Sen. Paul Pinsky (D-Prince George’s), the lead sponsor of the bill, said the issue was how urgent legislators considered the climate crisis to be.
“Do we want to raise the bar or keep the bar at a place that may or may not get us to where we need to be?” Pinsky said. “If we do this right, we can achieve 60%, and we have to push the envelope, or children or grandchildren are going to pay for it.”
He reminded lawmakers that the bill includes a sunset provision in 2025, which means lawmakers can in four years assess whether the reduction targets are too fast or too slow and alter them accordingly.
Salling’s amendment failed on party lines in a 31-15 vote.
An amendment proposed by Sen. Jack Bailey (R-Calvert and St. Mary’s) to add paratransit exemptions to the bill was adopted as a friendly amendment. The battery life of zero-emission vehicles are not reliable enough to meet the demand of paratransit services currently, Bailey said.
Sen. Christopher R. West (R-Baltimore County) proposed requiring newly constructed school buildings that use funding from the Built to Learn Act funding, which provides $2.2 billion for school construction, to install rooftop solar panels.
“From 2030 on, we’re going to generate virtually all of our electricity through the use of solar,” West said. “And the question there is, where do the solar panels get placed. Do they get placed on farmland, or do they get placed on roofs?”

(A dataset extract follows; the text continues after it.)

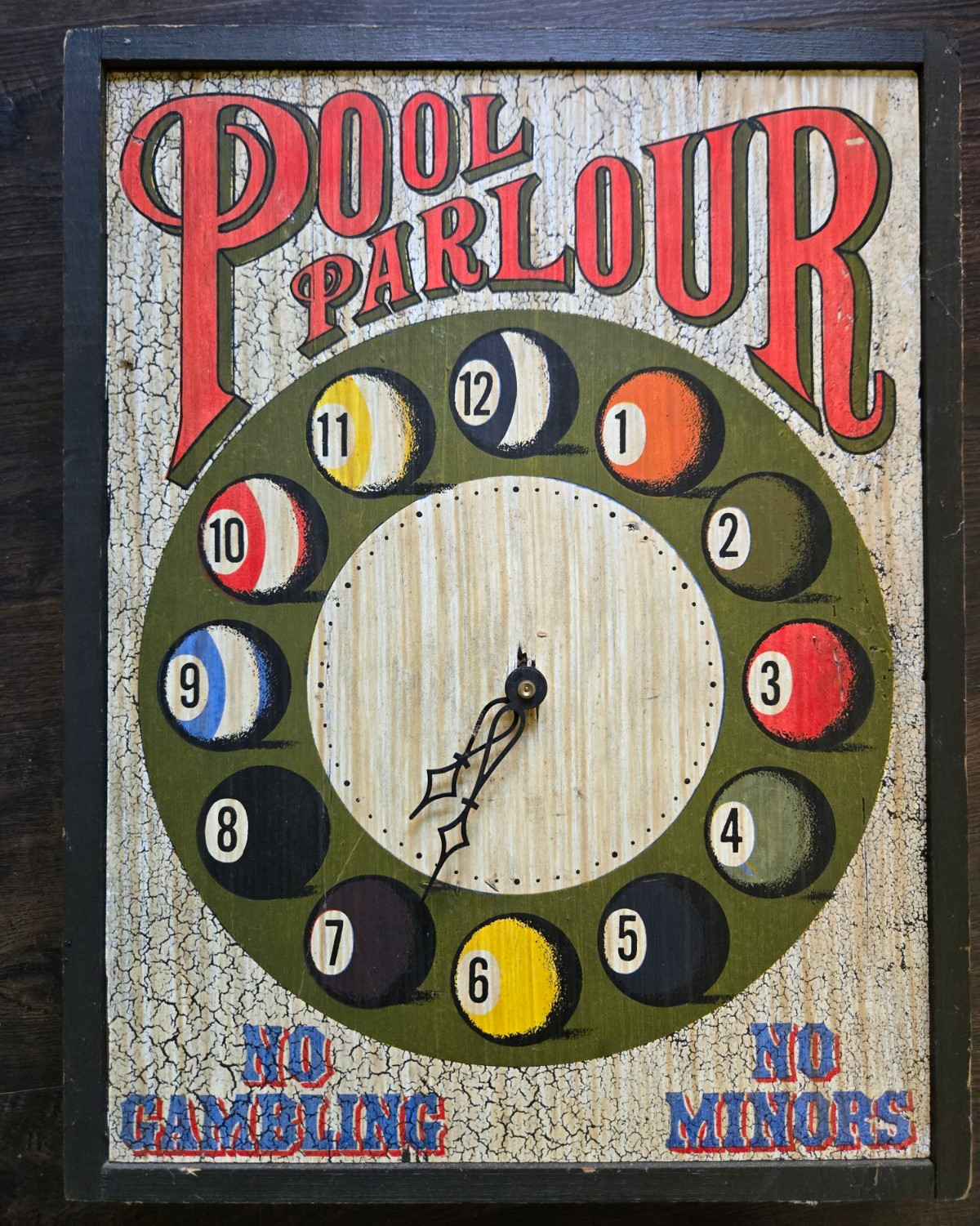 Vintage George Nathan Associates Pool Parlor Wall Clock Wood Sign 276 Vintage George Nathan Associates Pool Parlor Wall Clock Wood Sign 276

West contended that Maryland State Fairgrounds was able to install solar panels with no up-front costs, and the same could happen for school buildings.
Sen. Jim Rosapepe (D-Anne Arundel and Prince George’s), who has previously sponsored school-construction bills, supported West’s amendment, opining that it moves the bill closer to fighting climate change.

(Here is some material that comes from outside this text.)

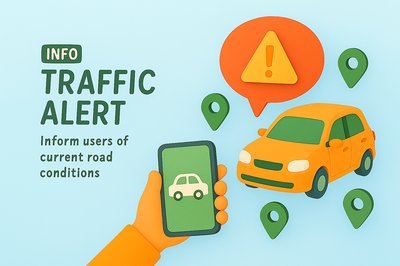 3D Illustration of Traffic Alert Concept with Smartphone and Car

But Pinsky said it was too prescriptive and would force all local school systems to take the solar option to reach net-zero energy requirements when there are also geothermal and energy efficiency options that they should consider as well.
West’s amendment failed in a 31-15 vote, with Rosapepe voting in favor of the amendment and Sen. Mary Beth Carozza (R-Lower Shore) opposing it.
To help fund the bill’s far-reaching proposals, the Climate Solutions Now Act of 2021 would take up to $20 million from the Strategic Energy Investment Fund each year to help pay for replacing the state fleet with electric cars and for school buildings to become carbon neutral or solar-ready. For planting trees, $15 million would be taken from the Bay Restoration Fund annually and $1.25 million from the Chesapeake Bay Trust Fund.
But Republicans were largely concerned about the bill’s mandate to transfer $15 million annually from the Bay Restoration Fund, which they argued was mostly used for local sewer projects in rural parts of the state. All five amendments that offered alternative funding strategies failed along mostly party-lines.
After hearing 11 Republican amendments, only one of which adopted, the Senate advanced the Climate Solutions Now Act of 2021. The House Environment Subcommittee continued discussing the House cross-file of the bill Wednesday afternoon.